Minor refactorings on the way

  • The part of zcl_excel_reader_2007->load_comments which deals with an individual comment has been factored out into a new method load_single_comment.
  • In zcl_excel_writer_2007->create_xl_comments, a large list of local constants was used for the element names of the XML which has to be generated. These constants are basically useless: not only is their use restricted to this method, but they also obfuscate which elements the create_simple_element calls actually are creating. The reader wants to know this name directly at the point when the element is created, without being referred to a constant. Therefore, I eliminated the constants and used the strings directly in the calls.
  • The same holds for method create_xl_drawing_for_comments.
  • In both of these methods, new elements are created as childs of the document node first (parent = lo_document), and then, at a later point, placed in the DOM tree using a call of append_child. It is clearer to specify the correct parent element from the beginning. This way, also the calls of append_child could be eliminated.

Best regards,
Rüdiger

@sandraros
Copy link
Collaborator

sandraros commented Apr 10, 2025

As I already said, it's difficult to review a PR with many improvements unrelated to the issue. The right way is to keep PRs small, i.e. make one PR for each fix and each enhancement, one PR for each kind of refactoring (no change in feature). If you don't do it, I'll create a PR with the enhancements, and then we'll take care of the fix.
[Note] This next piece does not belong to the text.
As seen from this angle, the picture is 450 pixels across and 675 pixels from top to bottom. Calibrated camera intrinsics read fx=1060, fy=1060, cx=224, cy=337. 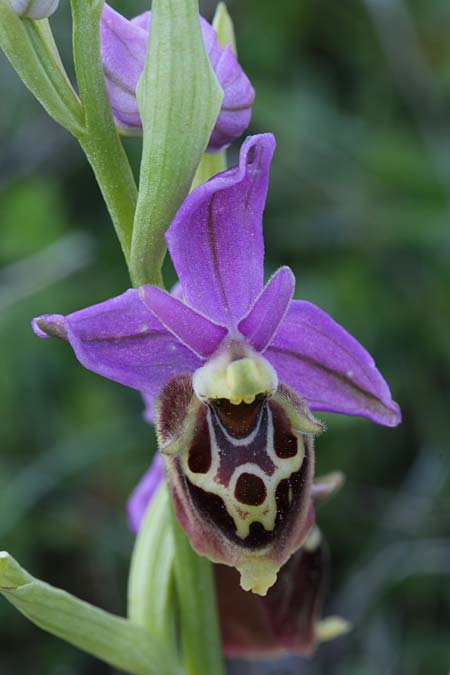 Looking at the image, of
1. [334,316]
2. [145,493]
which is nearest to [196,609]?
[145,493]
Note that I appreciate a lot your participation, I don't want to refrain you from proposing solutions, it's only to make the work easier for me and other reviewers.

@rplantiko
Copy link
Contributor Author

As I already said, it's difficult to review a PR with many improvements unrelated to the issue. The right way is to keep PRs small, i.e. make one PR for each fix and each enhancement, one PR for each kind of refactoring (no change in feature). If you don't do it, I'll create a PR with the enhancements, and then we'll take care of the fix.

I understood this, and this is why I have closed the PR #1297 . PR #1298 only contains the changes necessary for enabling RTF comments. I have described these changes in the last comment of this issue.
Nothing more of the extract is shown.